Work request ->
Pictures aside, quote the whole listing exactly.

Material provided ->
————

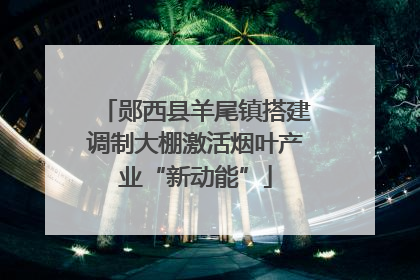 郧西县羊尾镇搭建调制大棚激活烟叶产业“新动能”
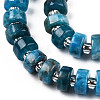 Natural Apatite Beads Strands G-N327-07D-3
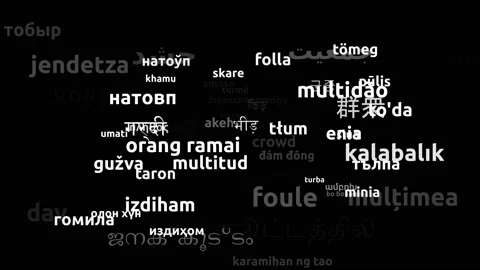 Crowd Translated in 62 Worldwide Languages Endless Looping 3d Zooming Wordclo Stock Footage 145198067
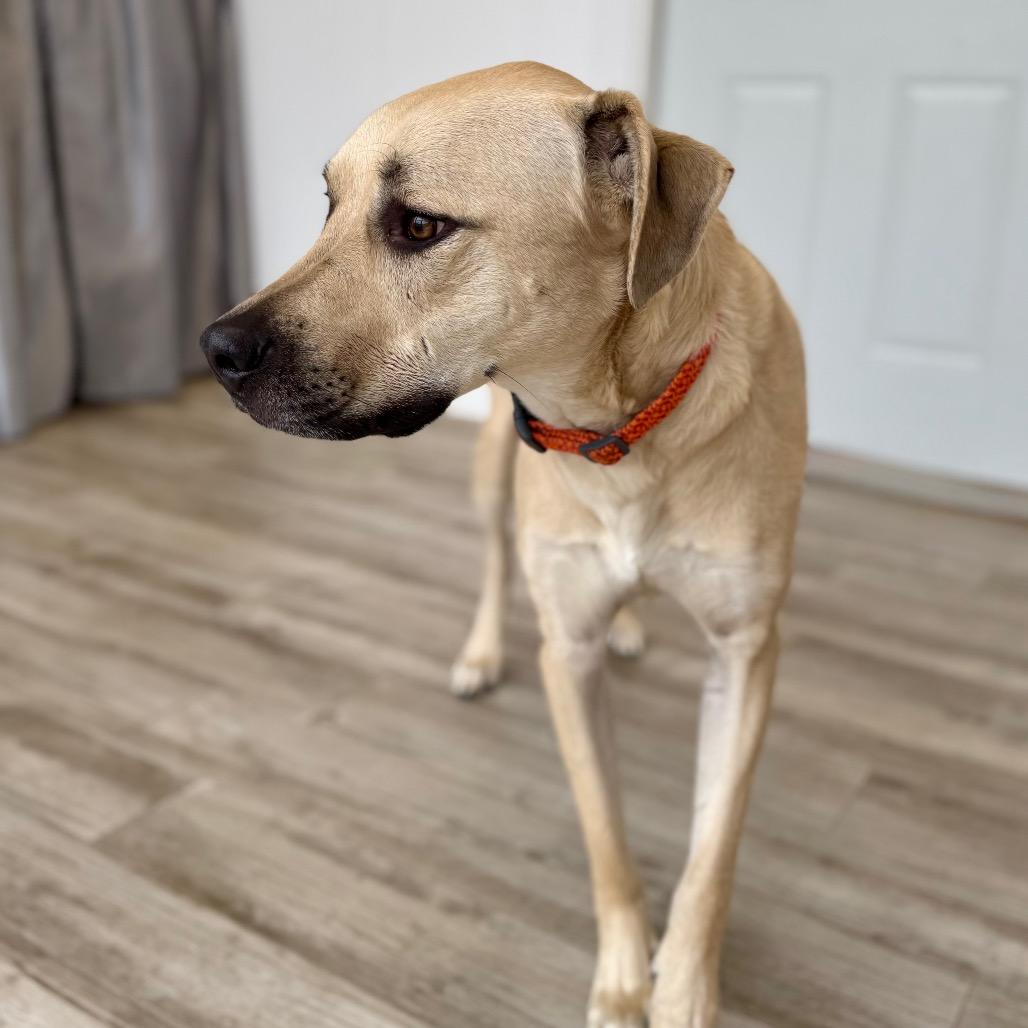 Patrick, a Adoptable mixed breed in Green Bay, WI image 3/6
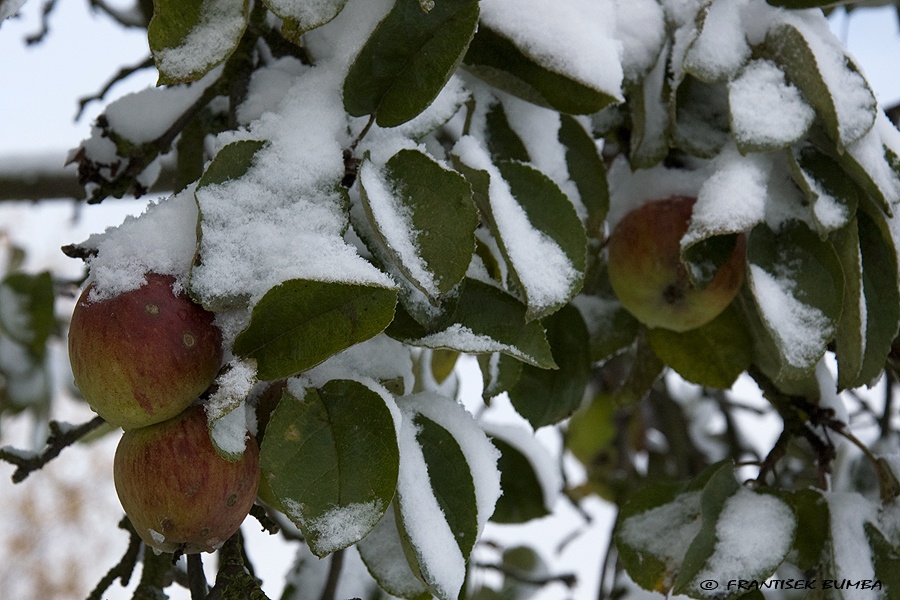 Jabloň (Malus domestica) 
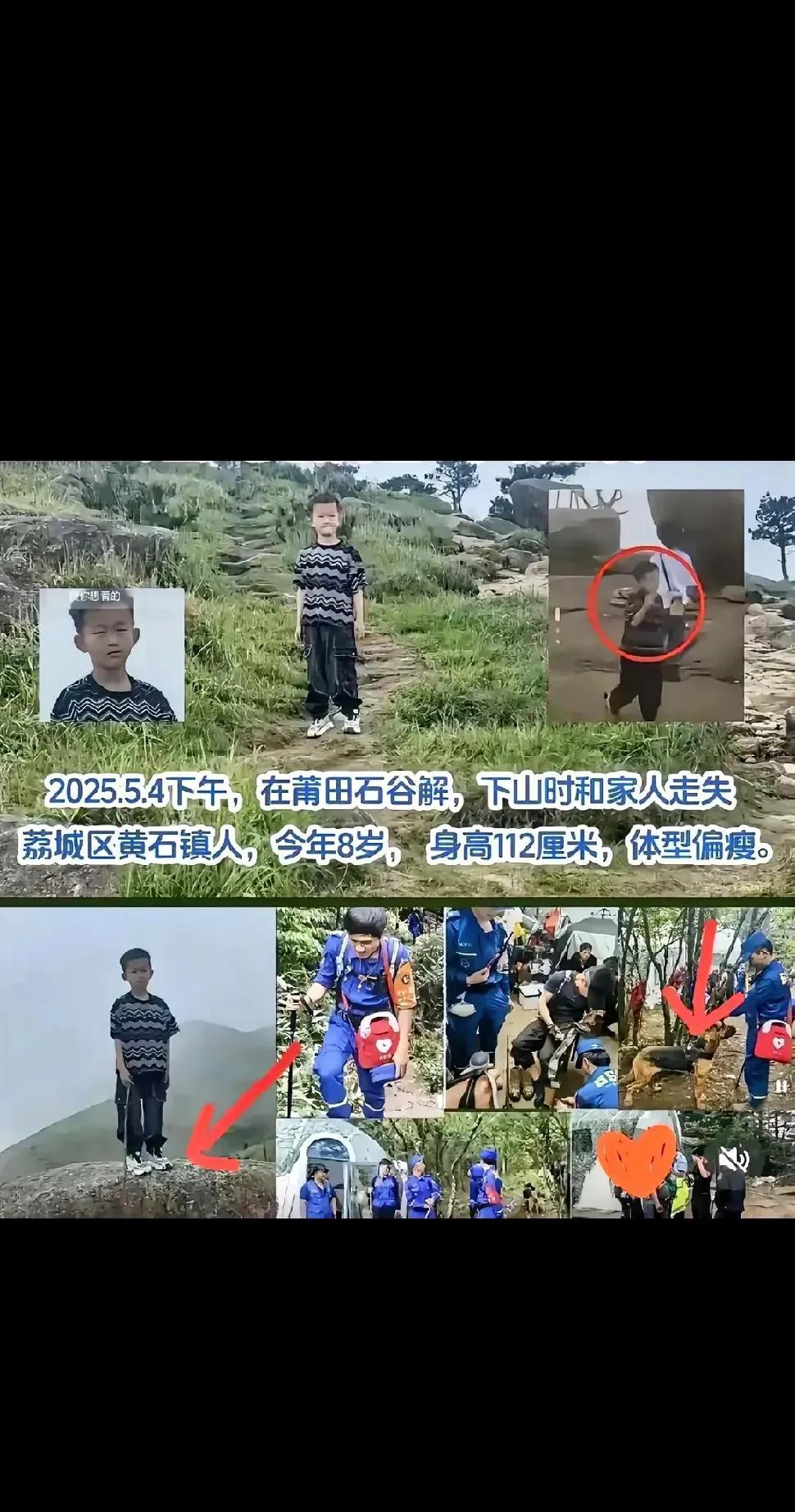 福建8岁孩子走失5天，牵动无数人的心。5月8日，搜救迎来转机。搜救犬在山林灌木丛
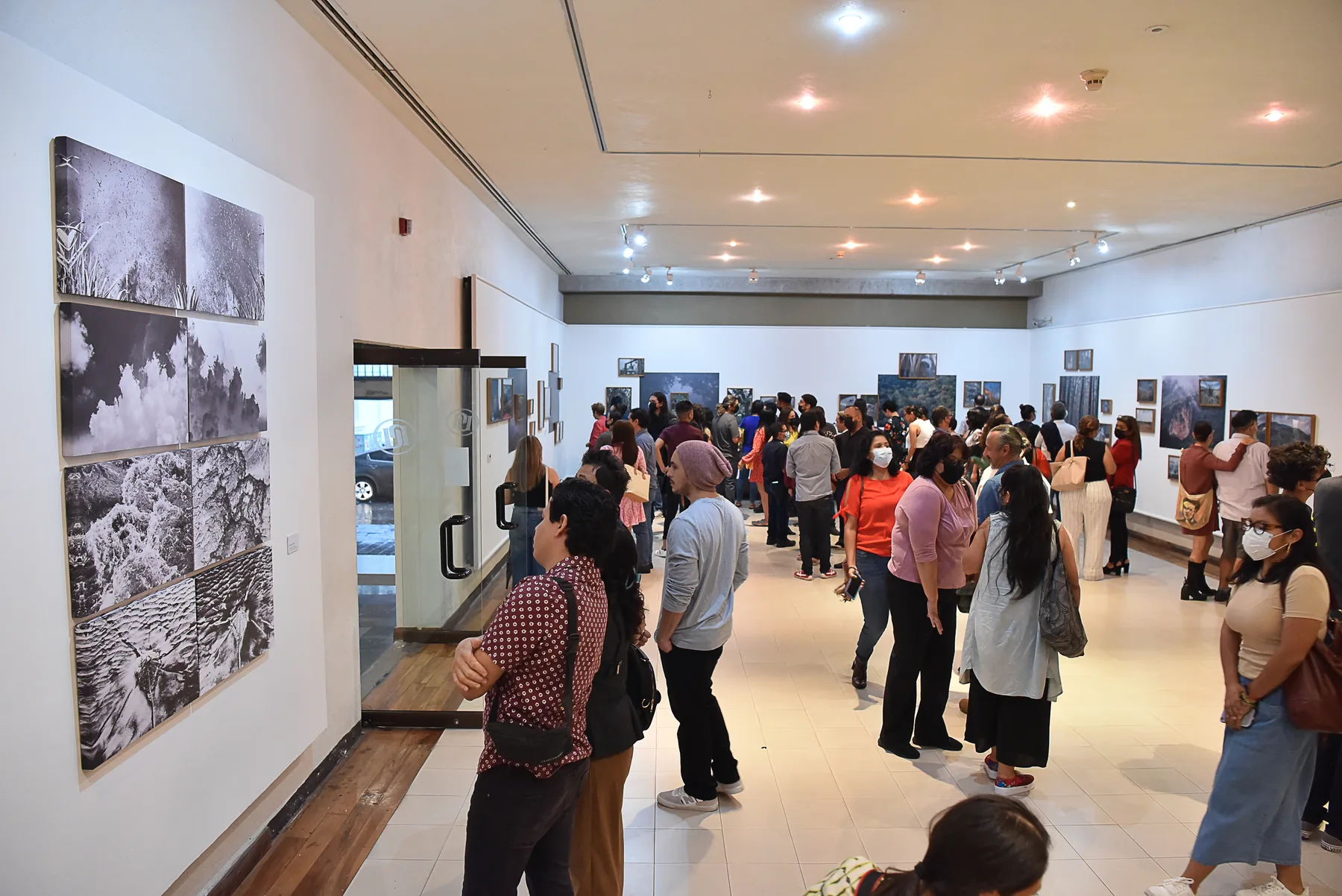 Cofradía de Volcanes en Pinacoteca Universitaria, Colima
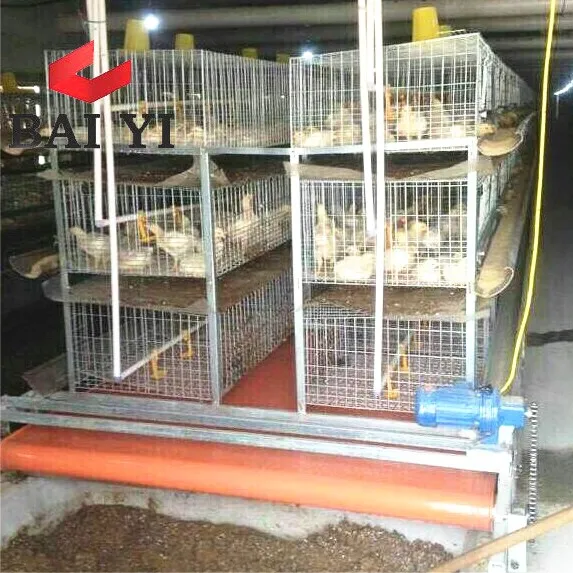 H Type 3 Tier 48 Birds Capacity Cage For Growing Broiler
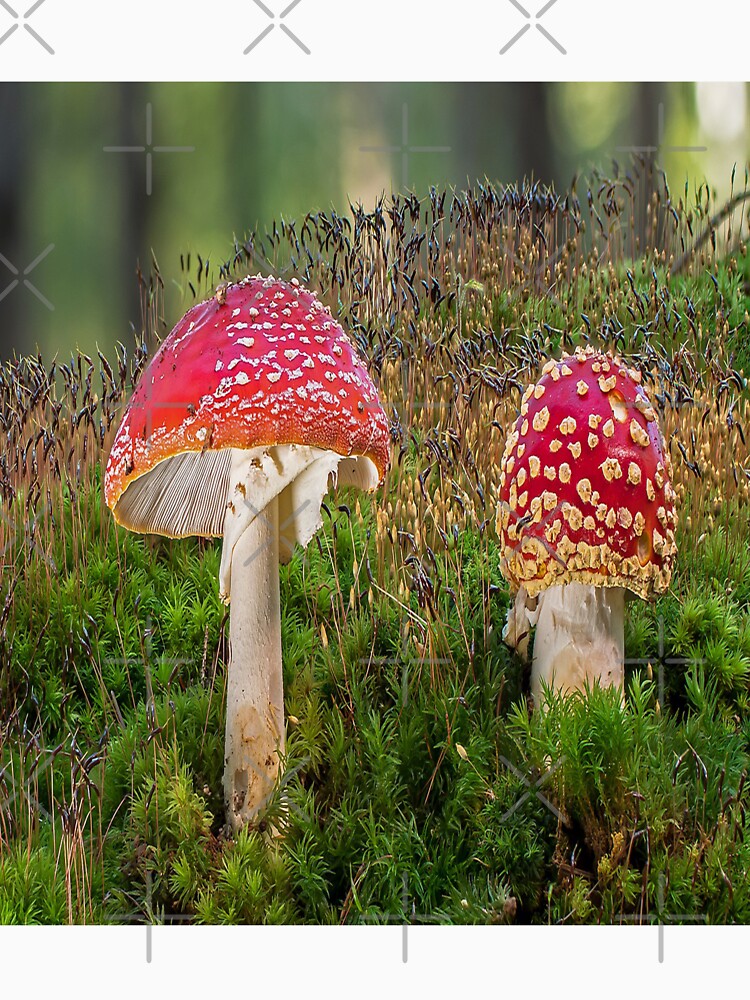 mushroom by virilamissa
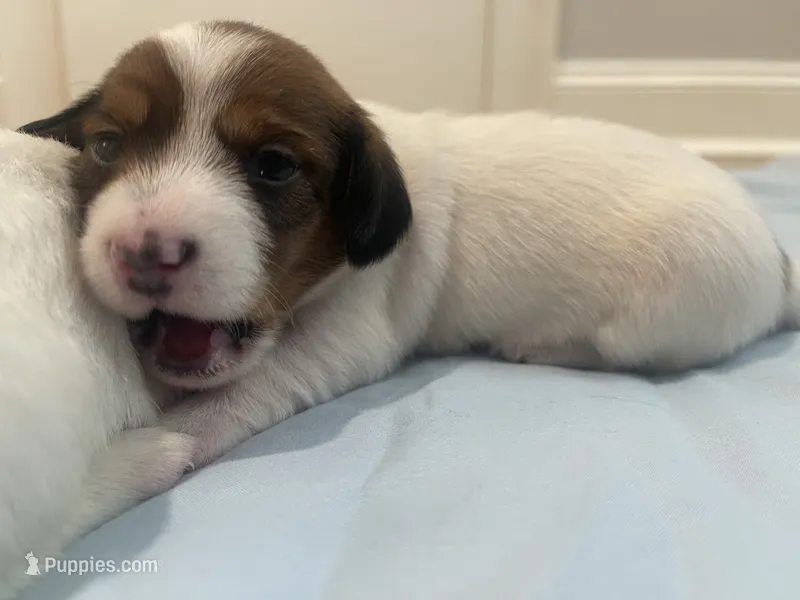 Clover – Miniature Dachshund puppy for sale in Buford, GA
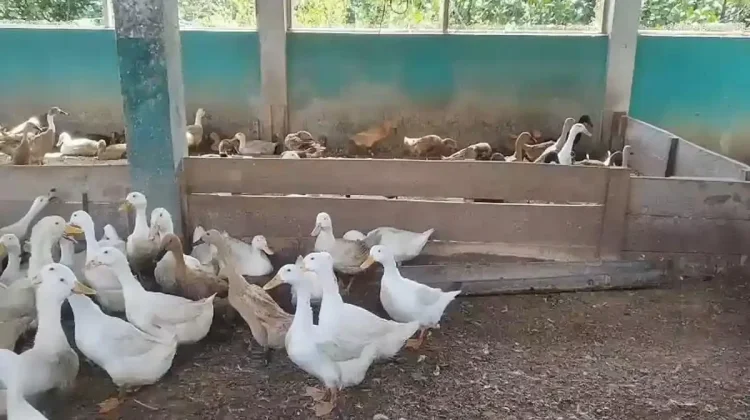 Pemdes Kurnia Jaya Kembangkan Produksi Telur Bebek untuk Dukung Ketahanan Pangan
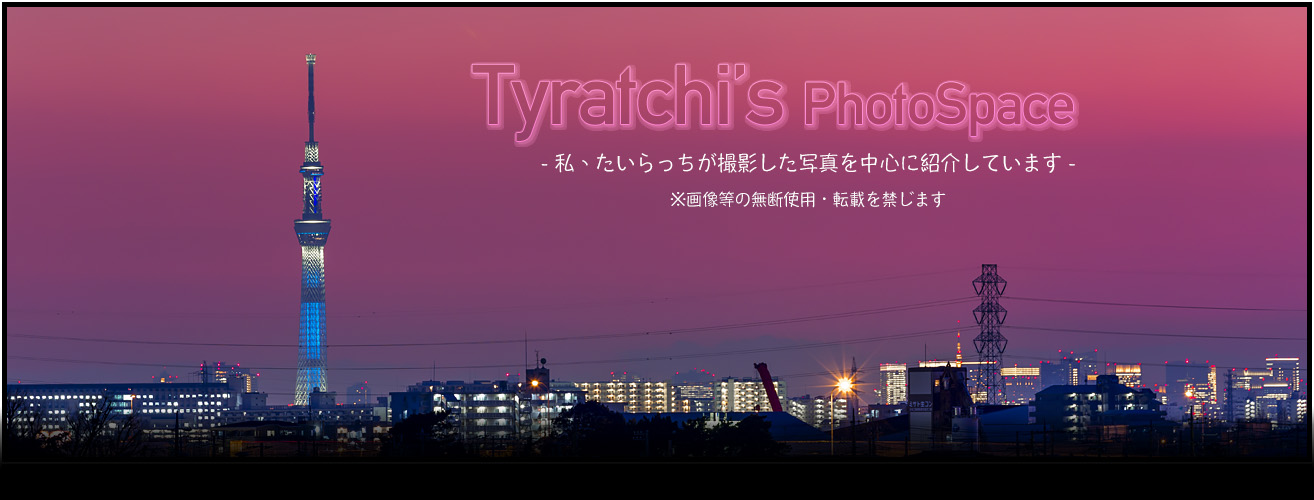 Tyratchi's Photo Space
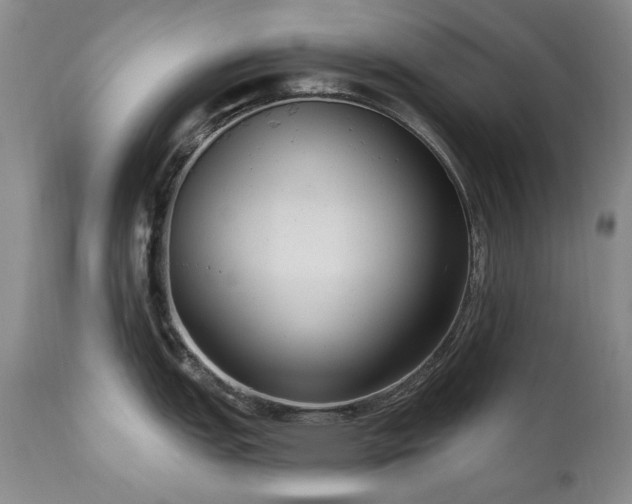 X0000111161151200906301354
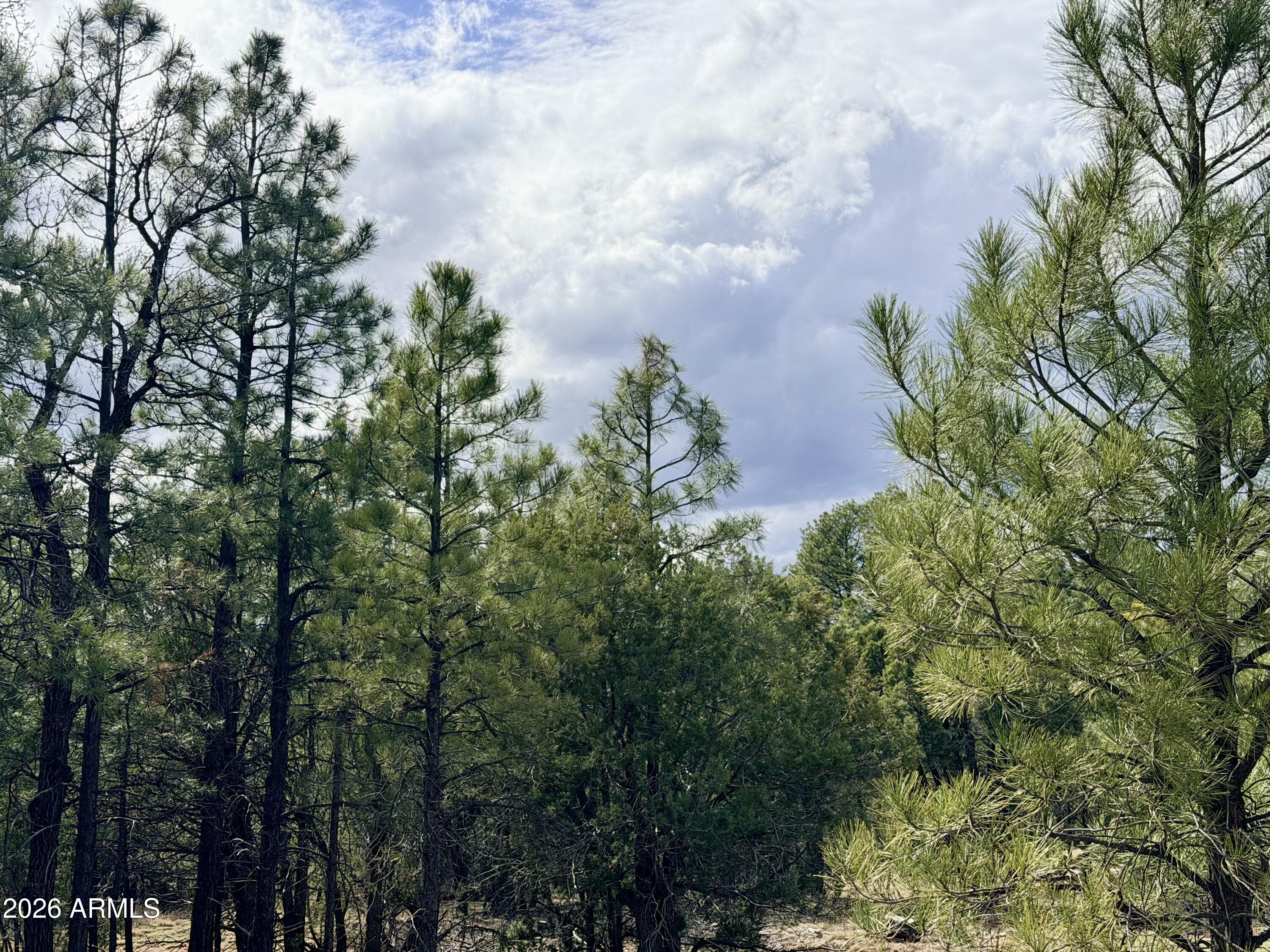 2588 Spoonbill Drive 7, Happy Jack, AZ 86024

————

Answer to the exercise ->
 郧西县羊尾镇搭建调制大棚激活烟叶产业“新动能”
 Natural Apatite Beads Strands G-N327-07D-3
 Crowd Translated in 62 Worldwide Languages Endless Looping 3d Zooming Wordclo Stock Footage 145198067
 Patrick, a Adoptable mixed breed in Green Bay, WI image 3/6
 Jabloň (Malus domestica) 
 福建8岁孩子走失5天，牵动无数人的心。5月8日，搜救迎来转机。搜救犬在山林灌木丛
 Cofradía de Volcanes en Pinacoteca Universitaria, Colima
 H Type 3 Tier 48 Birds Capacity Cage For Growing Broiler
 mushroom by virilamissa
 Clover – Miniature Dachshund puppy for sale in Buford, GA
 Pemdes Kurnia Jaya Kembangkan Produksi Telur Bebek untuk Dukung Ketahanan Pangan
 Tyratchi's Photo Space
 X0000111161151200906301354
 2588 Spoonbill Drive 7, Happy Jack, AZ 86024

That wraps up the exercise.